Sotheby’s earlier fought a bitter proxy battle with activist Dan Loeb’s Third Point LLC. In May 2014, it settled, agreeing to appoint Loeb and his two nominees, Olivier Reza and Harry J. Wilson, to its board. Third Point was Sotheby’s largest shareholder until Wednesday’s filing, which shows that Taikang has overtaken the hedge fund.
Marcato Capital Management, the activist hedge fund run by Mick McGuire, has also amassed an active 9.7 percent stake. Billionaire trader and collector Steve Cohen’s Point72 Asset Management also recently built a 5.5 percent stake.
Taikang, Third Point, Marcato, Point72 and Shanda collectively own about 43 percent of Sotheby’s, based on the latest available disclosures. Shanda has also potentially upped its stake substantially from about 2 percent, based on the FTC clearance filing.

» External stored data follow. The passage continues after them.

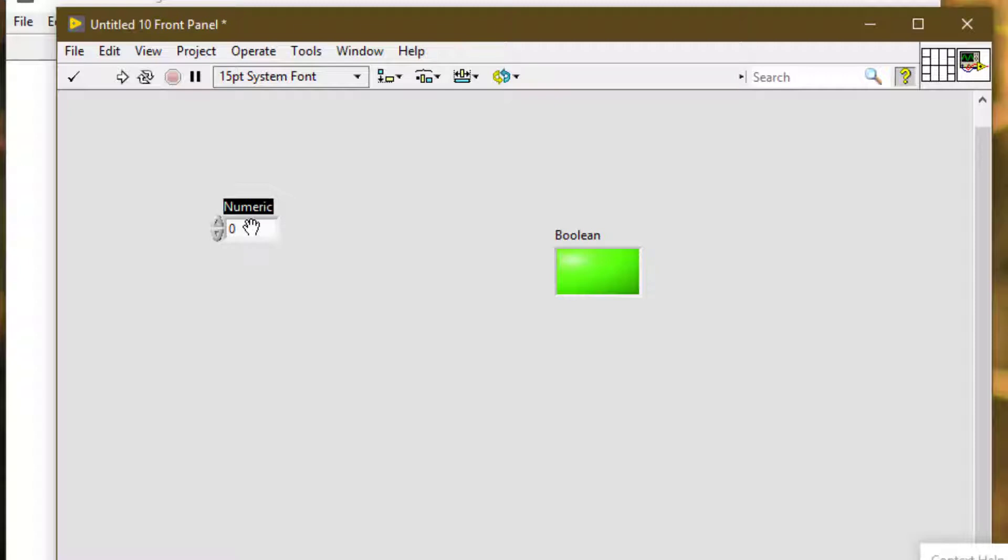To copy the color of one object and transfer it to the second object without using a color picker, we can use the get color tool.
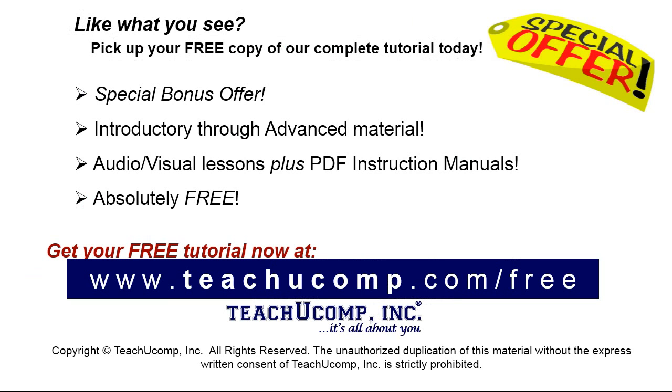Like what you see? Pick up your free copy of the complete tutorial at www.teachyoucomp.com/free.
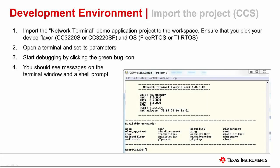In CCS, import the network terminal demo application to the workspace. Click on Project, go to Import CCS Projects, and browse the location of the SDK installation. CCS will list all the projects inside the directory and its subdirectories. Select the network terminal project for your CC3220S or SF device and OS flavor. Click Finish and rebuild the project. When importing a demo project, an OS library project is also automatically imported. Building the demo project builds the OS project. Open a terminal and set its parameters, then click on the green bug icon in the top menu to start debugging. Once the debug session starts, click the green arrow in the debug menu to start executing your code. Now go back to the terminal window — as the application is executing, you can see the available commands being printed in a shell prompt.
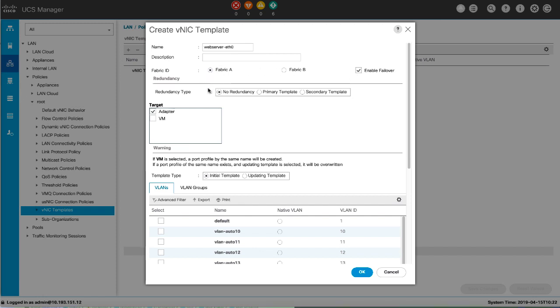Select the redundancy type as Primary Template, Secondary Template, or No Redundancy. If you select Primary Template, it creates configurations that can be shared with the secondary template. Any other shared changes on the primary template are automatically synchronized to the secondary template.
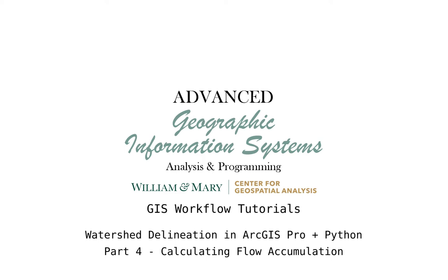Hello and welcome to an episode of Advanced GIS. In this video, we're going to be taking a look at GIS workflows and how to use Python programming and Model Builder to create reproducible workflows in ArcGIS Pro.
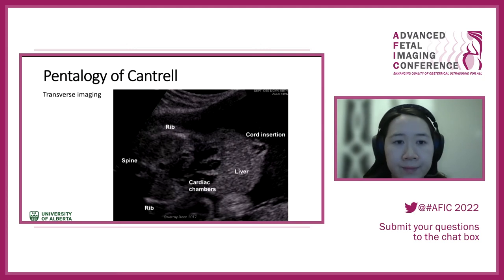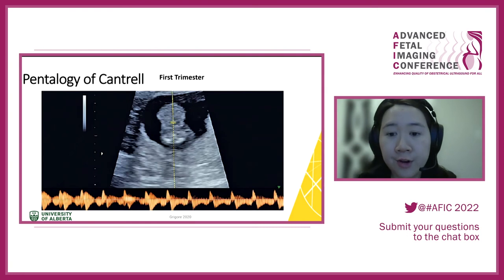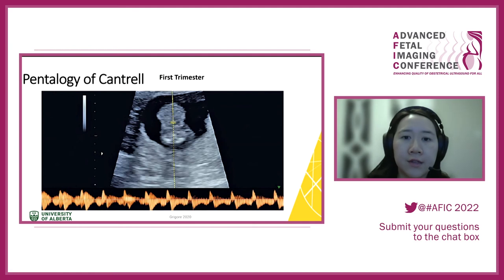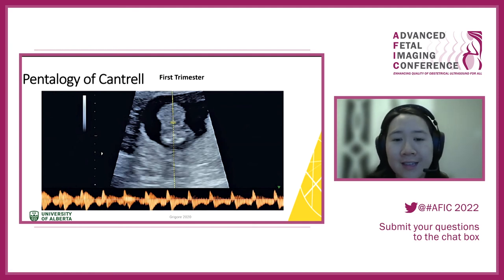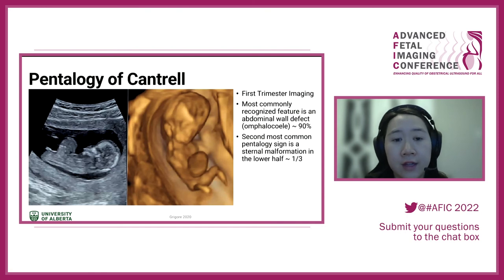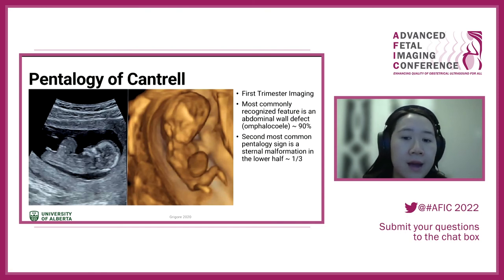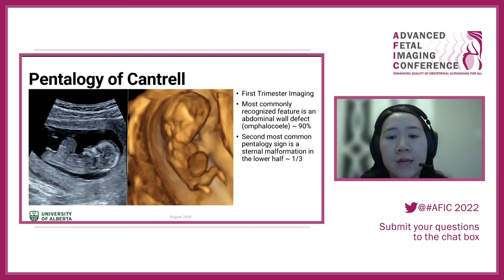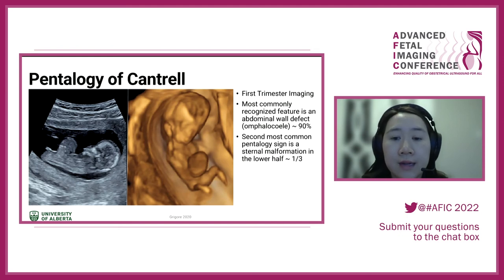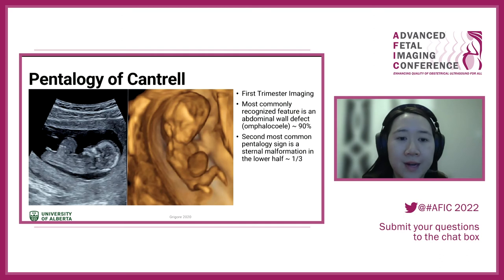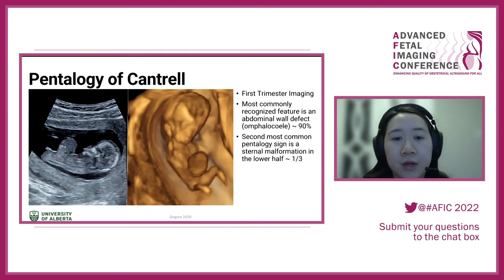Pentalogy of Cantrell can be diagnosed in the first trimester: if you see a possible omphalocele and the heart looks more anterior than expected or appears to be entering an anterior ventral wall defect, be concerned about possible pentalogy. The most commonly recognized sign is an omphalocele in 90% of cases. The second most recognized sign is that the omphalocele seems to extend anteriorly more than expected — that sternal clefting. The least recognizable sign is ectopia cordis, where the heart is outside.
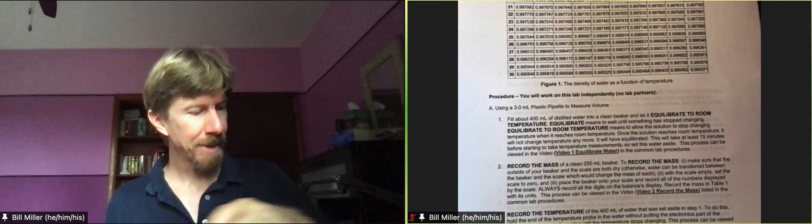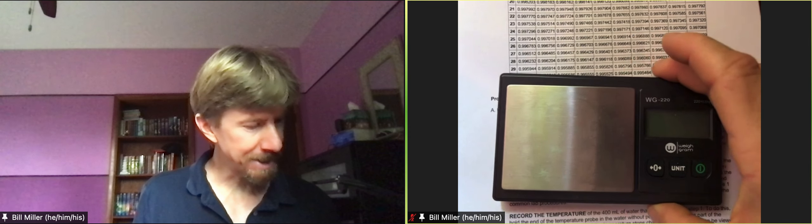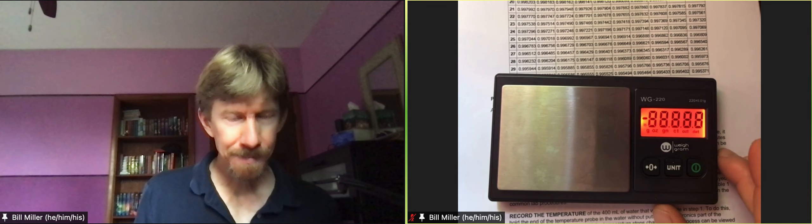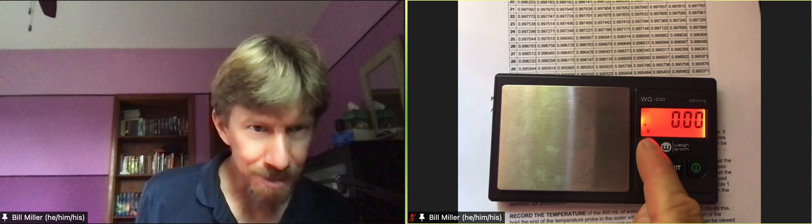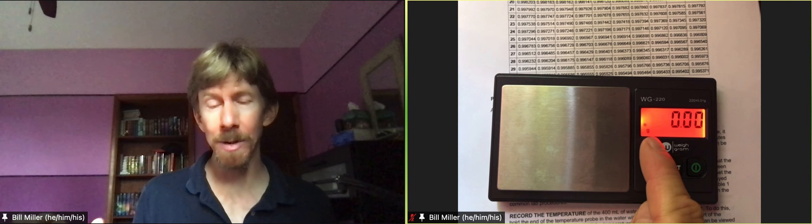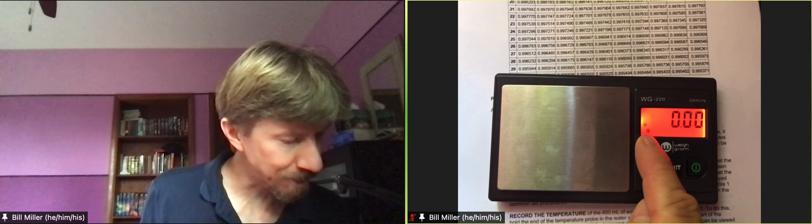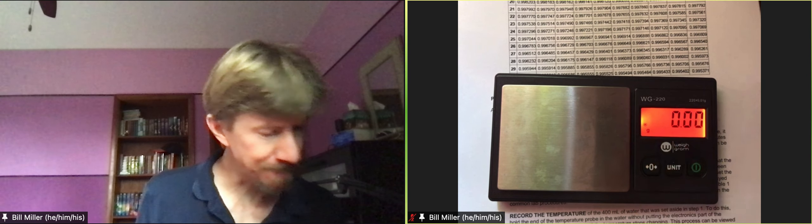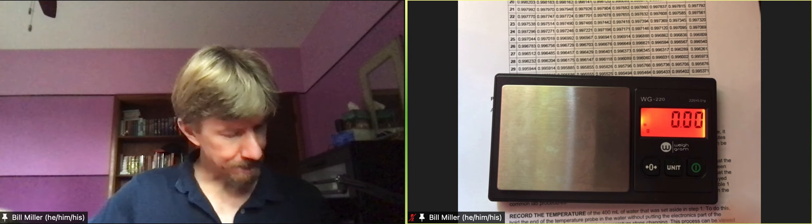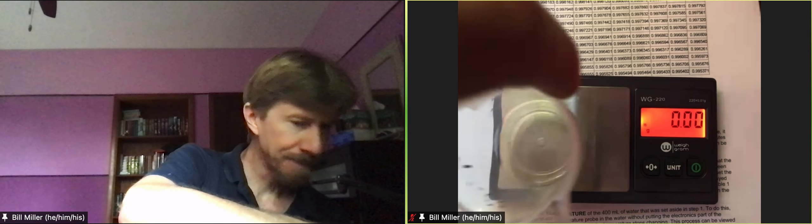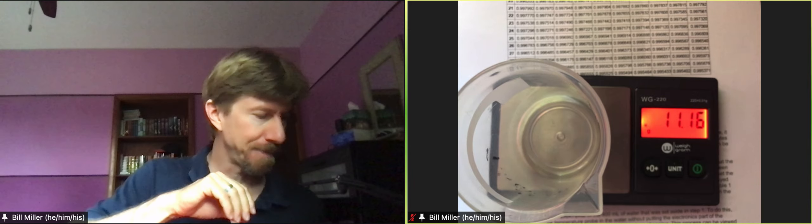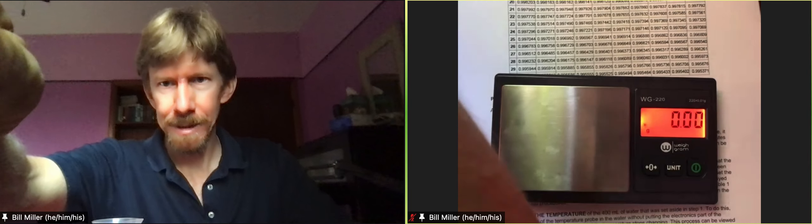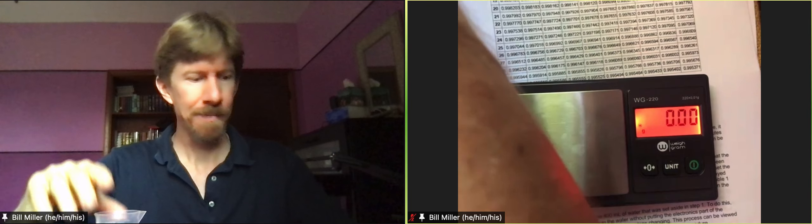With the scale empty set the scale to zero and I can do this here so I'm going to turn my scale on. When it comes on it will say zero and then you're looking at that little circle right there, that means it's set. So you don't want to put anything on until that circle appears, that little circle with a little dot in it. You want to be in grams and then you're going to measure the mass of your 100 milliliter beaker. My 100 milliliter beaker, again wait for the little dot to appear, is 11.16 grams. Yours will likely be different.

Sotheby’s has a market capitalization of $1.84 billion, and 11.4 million of its 58.6 million shares are sold short. Short sellers aim to profit from a declining stock by borrowing shares, selling them and then buying them back at a lower price.
The Federal Trade Commission said in May it had approved Shanda’s proposed ownership increase. Sotheby’s had said earlier that month that an investor it didn’t identify may increase its holding to as much as 10 percent, fueling speculation that the company could be acquired or taken private.